> [Work order]:
Strip out the pictures and output each remaining line of the data word for word.

> [Given data]:
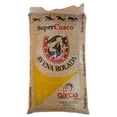 thumbnail image 2 of Super | Mezcla 40/ 60 rolada AR4060 Garcia alimentos y veterinaria Garcia alimentos y veterinaria AR4060, 2 of 2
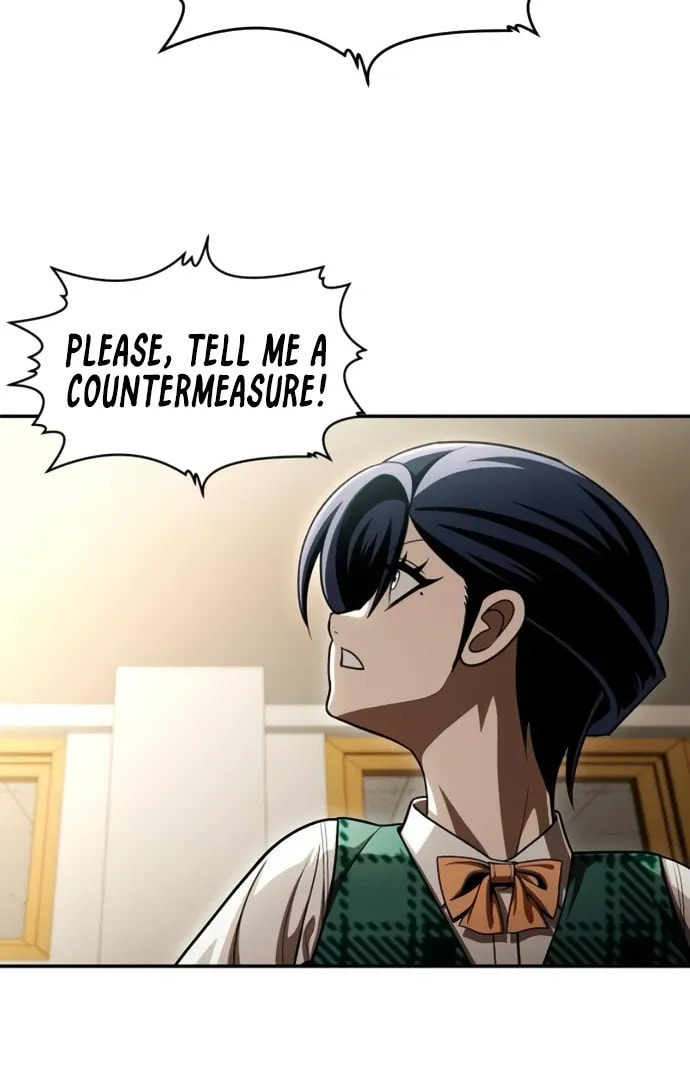 Plaything Chapter 63 page 94 - 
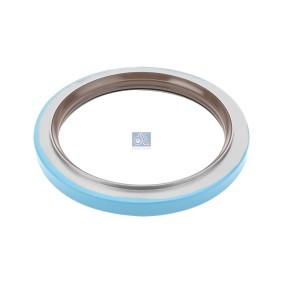 Achetez des Bague d'étanchéité, moyeu de roue DT Spare Parts 5.30101 à prix pour 36,94 €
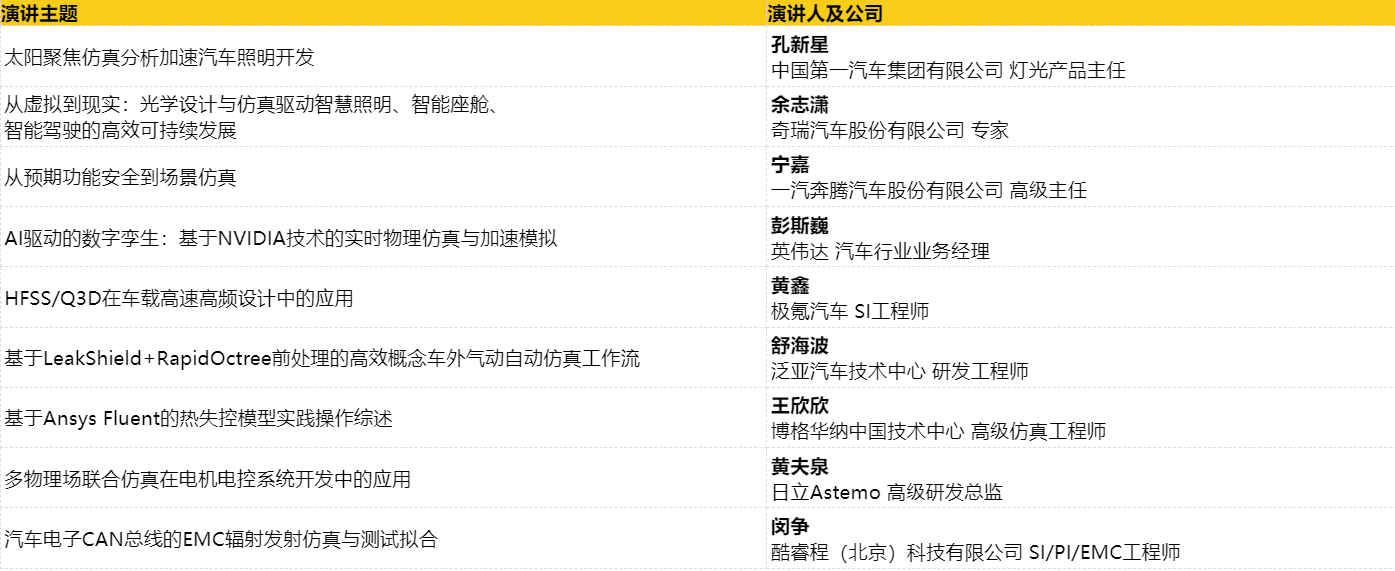 1753861475744431.png image.png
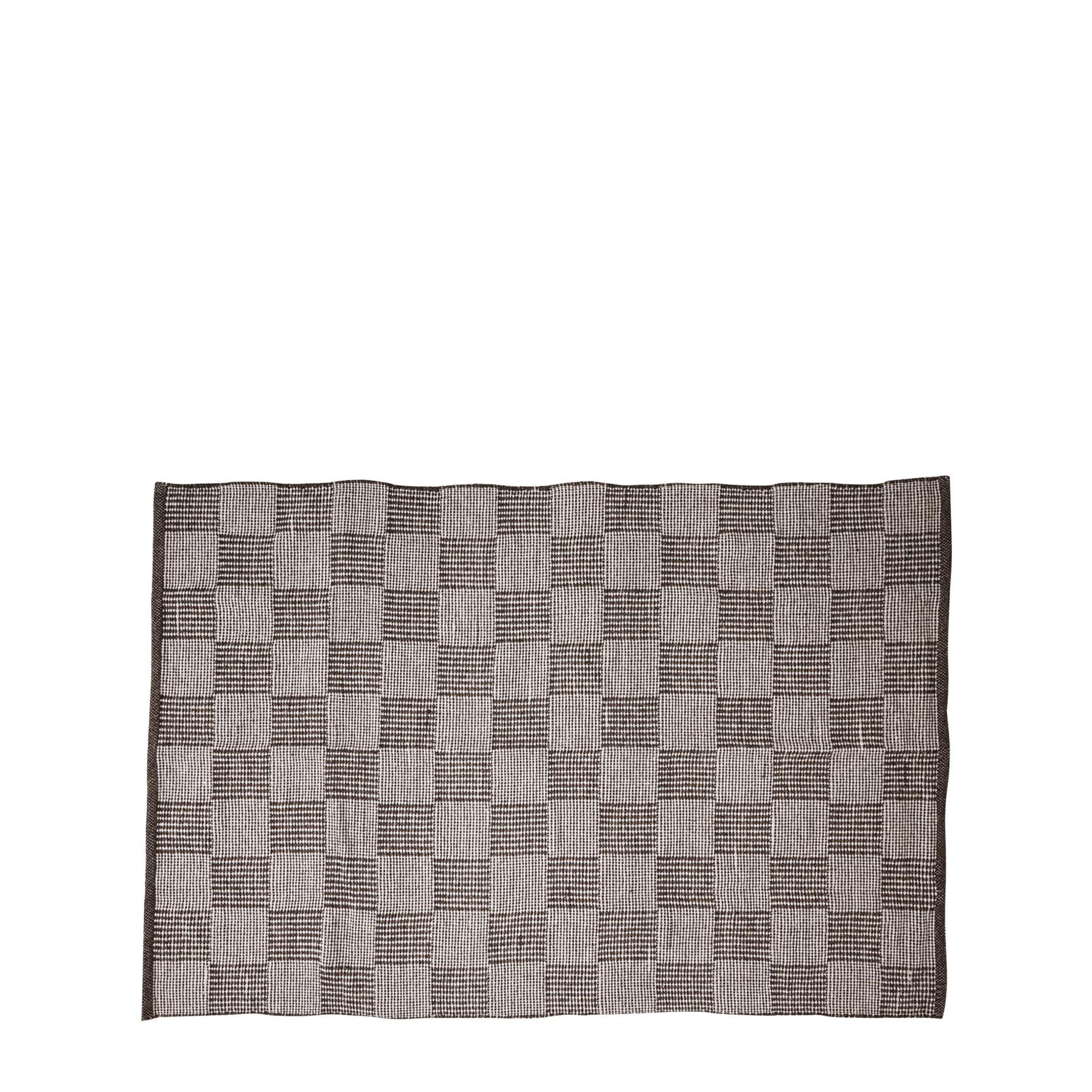 YARGICI Halı(230X160 Cm)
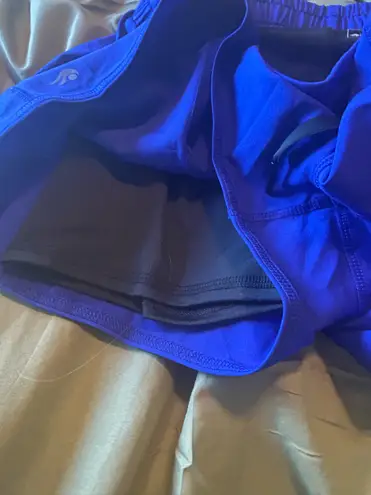 Ideology Idealogy women activewear shorts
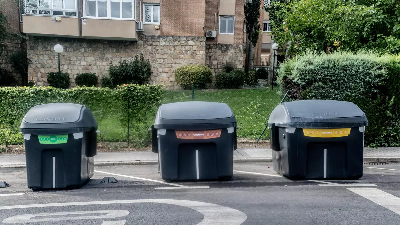 Новый налог на мусор грозит обернуться "лавиной исков" и "серьезными проблемами" для муниципалитетов
Фото: Google Play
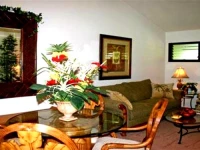 Hale Moi Cottages 2*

> [Solution to the problem]:
 thumbnail image 2 of Super | Mezcla 40/ 60 rolada AR4060 Garcia alimentos y veterinaria Garcia alimentos y veterinaria AR4060, 2 of 2
 Plaything Chapter 63 page 94 - 
 Achetez des Bague d'étanchéité, moyeu de roue DT Spare Parts 5.30101 à prix pour 36,94 €
 1753861475744431.png image.png
 YARGICI Halı(230X160 Cm)
 Ideology Idealogy women activewear shorts
 Новый налог на мусор грозит обернуться "лавиной исков" и "серьезными проблемами" для муниципалитетов
Фото: Google Play
 Hale Moi Cottages 2*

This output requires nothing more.